Be careful what you ask for; a lesson in monitoring in code
This morning was like any other—wake up late, shower, get stuck in traffic—but with a twist. As soon as I hit traffic, which was really bad even by I-85-in-midtown-Atlanta standards, my smart watch started to buzz every few seconds. Trio's servers are unreachable according to our monitoring service. It's going to be one of those mornings. When our monitoring service tells me something is wrong, I have a mental checklist, and I began working it (more-or-less in order).
- Check NewRelic for performance issues.
- Check Heroku's status page for outages.
- Check AWS' status page.
- Submit support ticket to Heroku, if applicable.
- Look into any stop-gaps I can put in place to lessen the impact.
- Inform users of potential issues.
I was drafting a user notice to pop-up in-app when something I saw hit me: NewRelic also has monitoring turn on and those alarms weren't going off; why not?
Eureka!
There is a fundamental difference in how NewRelic and Pingdom perform their monitoring—Pingdom follows redirects and tests the final destination whereas NewRelic (by default) accepts a redirect as a success.
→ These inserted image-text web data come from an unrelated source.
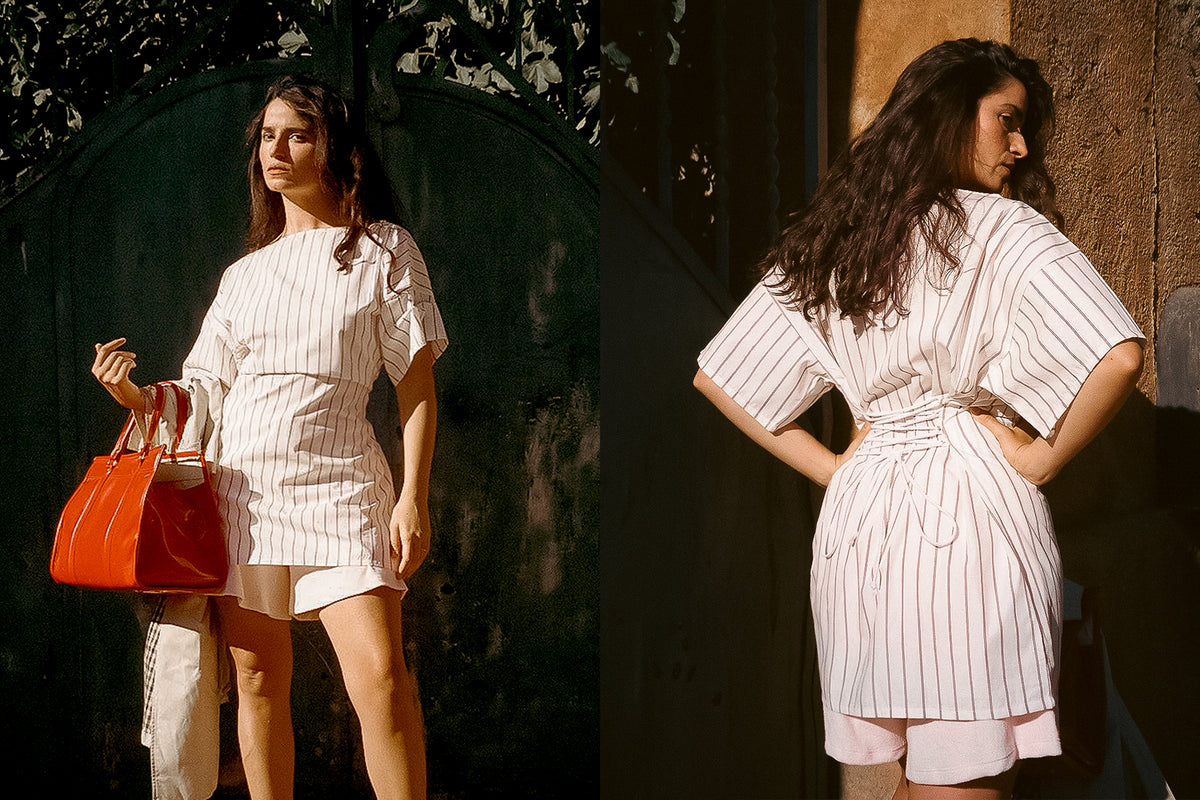 Skipper Shirt Dress - Burgundy Striped Poplin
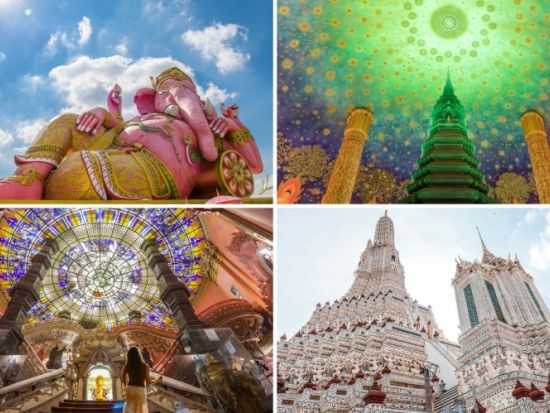 ピンクガネーシャ+ワットパクナム+エラワンミュージアム＋ワットアルン観光ツアー　親子旅・大人旅におすすめ＜1日／日本語ガイド＞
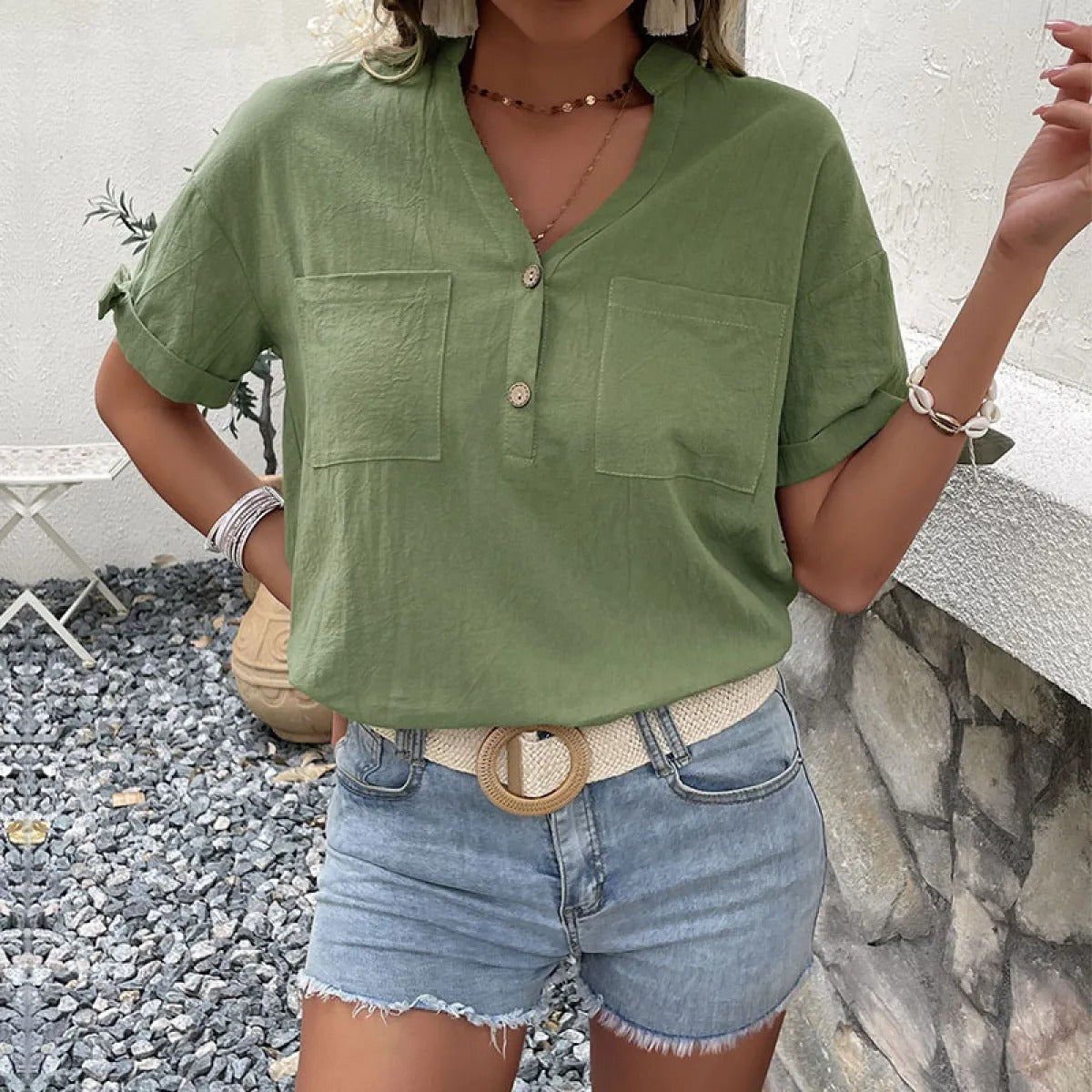 Blusa para mujer de lino casual escote en V manga corta - Teresa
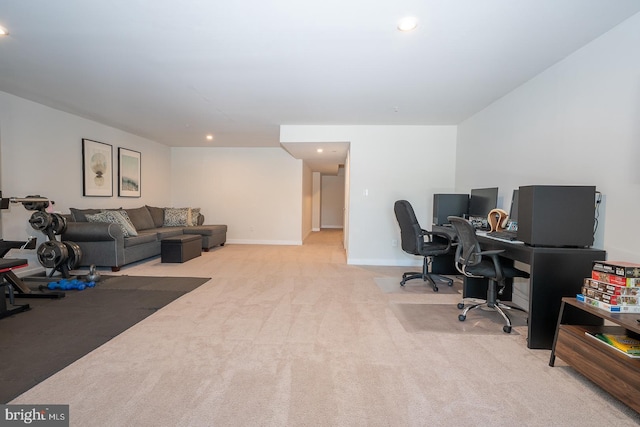 office featuring recessed lighting, baseboards, and carpet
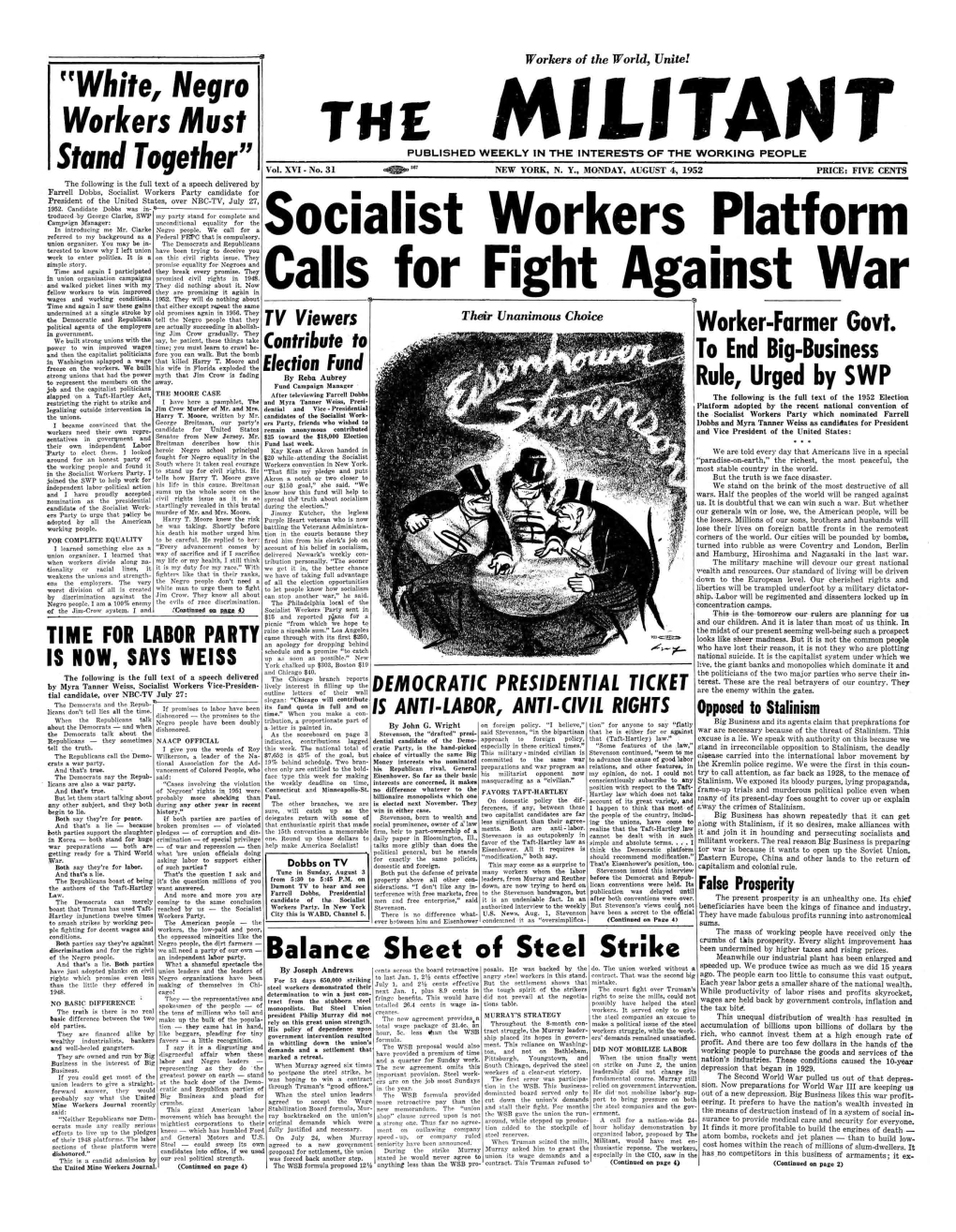 THE Socialist Workers Platform Calls for Fight Against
This little detail is important because a while back, we decided to throw away our single-page, teaser, homepage and simply redirect users to our iTunes store page. So, since we made that change our monitoring service hasn't actually been monitoring our website, but we've been monitoring the iTunes store. Oops.
With a quick fix and a flick of the wrist, Pingdom is now fetching our robots.txt
file. This has two benefits: it's actually monitoring that our server is alive and accessible and it's fetching a static page, so there is very little overhead on the server.
TL;DR When you're setting up HTTP monitoring, create a static file and monitor that file's url.